Applications of microemulsion technology in the drilling and production industry have increased in recent years. Some of these applications include oil-based drilling fluid displacement to water-based fluid, near-wellbore remediation, well stimulation, enhanced oil recovery, flow-back recovery in shale gas wells, and cement spacers.

Microemulsion formulations for these applications need to have high oil solubilization and very low interfacial tension, which is achieved with relatively high concentration of surfactants. High-performance microemulsion systems with lower surfactant concentrations are desired in order to optimize the cost of microemulsion technology applications. The reduction of surfactant concentration and cost could be achieved by introducing linker additives in the formulations. The addition of linker molecules enhances the solubilization property of microemulsions, which increases the hydrophilicity and/or the lipophilicity behavior of surfactants.

Previous studies indicate that addition of a proper linker molecule could significantly increase the solubilization of the oil. The lipophilic linker molecules (e.g. long chain amines, acids, alcohols, phenols) increase the interactions between the surfactant and oil, although with some disorder to avoid formation of highly-organized structures and to decrease the viscosity.

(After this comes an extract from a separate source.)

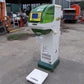 タイガー　中古　選別計量機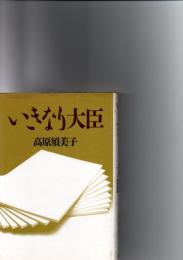 いきなり大臣　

This paper provides a comprehensive discussion of work carried out to determine the influence of lipophilic and hydrophilic linkers in microemulsions formulated with anionic/nonionic surfactant blends. The interfacial tension, fluids compatibility, and return permeability evaluation of microemulsion formulations containing lipophilic linkers prove that these additives bring a significant improvement in water injection or crude oil production.